Sure. We at the CSMLS are very fortunate to be a mid-sized organization. Fourteen thousand members sounds like a lot, but there are only 400 practitioners on Prince Edward Island. In Newfoundland there are only 800, and some don't even have a regulatory body, or they're what I would call a shoebox society, where I'm the president today and I hand off the shoebox when I leave.
It was born out of a legitimate need. Very few had the capacity, interest, or volume of immigration to set up their own program, so they trusted the national body, just like they do for setting the educational standards and the accreditation standards. Years ago, in the sixties, they agreed that would be the model, and our governance model for that program runs like a federation model. Each of them carries a vote. Ontario doesn't carry more votes than a smaller jurisdiction. They all feel they're in it together, and our job at the national society is to identify important things such as language proficiency standards and to have valid and fairly defensible testing programs. We can't set things like having to have Canadian experience. We removed that in 2000 because we knew it was a barrier to immigration.

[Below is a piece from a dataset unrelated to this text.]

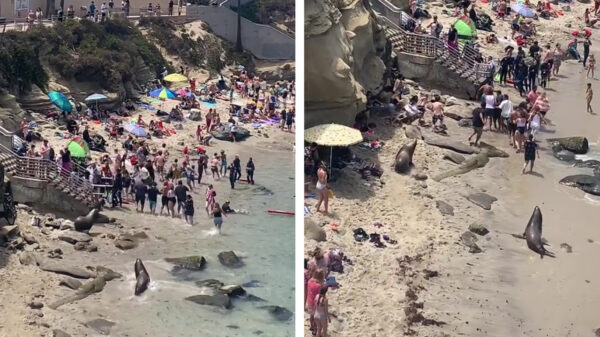 Allemaal opzouten, dit is ONS strand!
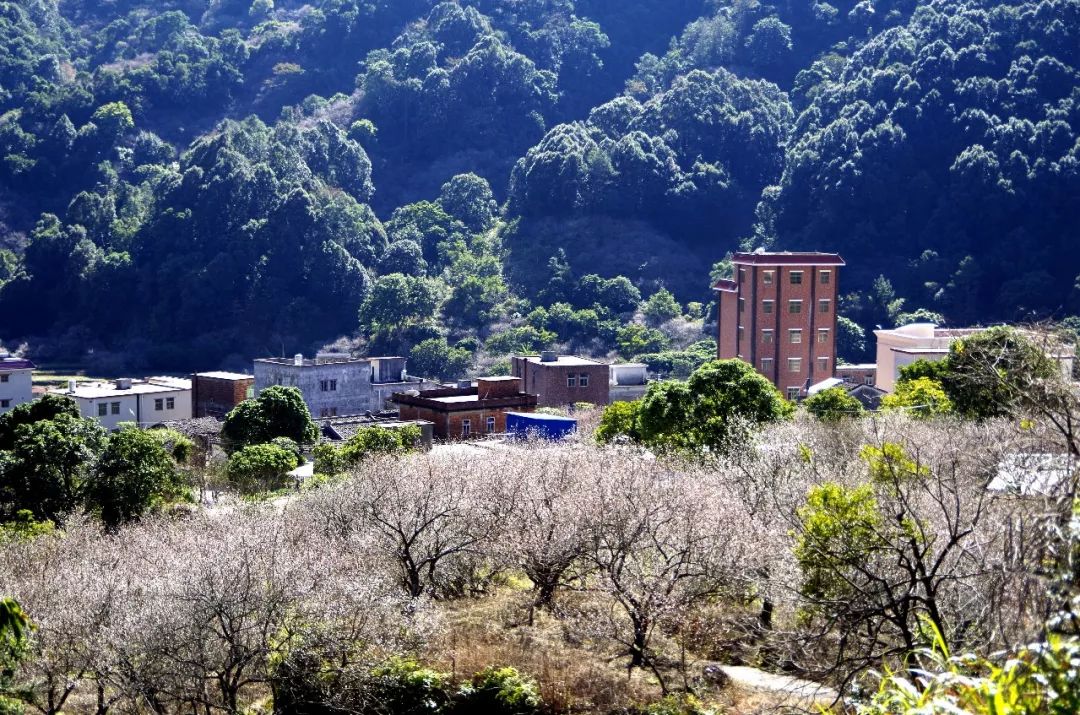 美麗石船建設中的觀天路陸河徒步登山首選之路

So I think by approaching it as what's best for the immigrant and what's best for the profession, having a set of standards that are open, transparent, and fair that they've all agreed to.... They do have a sweet deal, though, because I don't charge them any money. I charge the immigrant directly and my society subsidizes the rest of the work. If Ontario were to do it, it would cost them three full-time staff. So it's out of legitimate need that they came to us.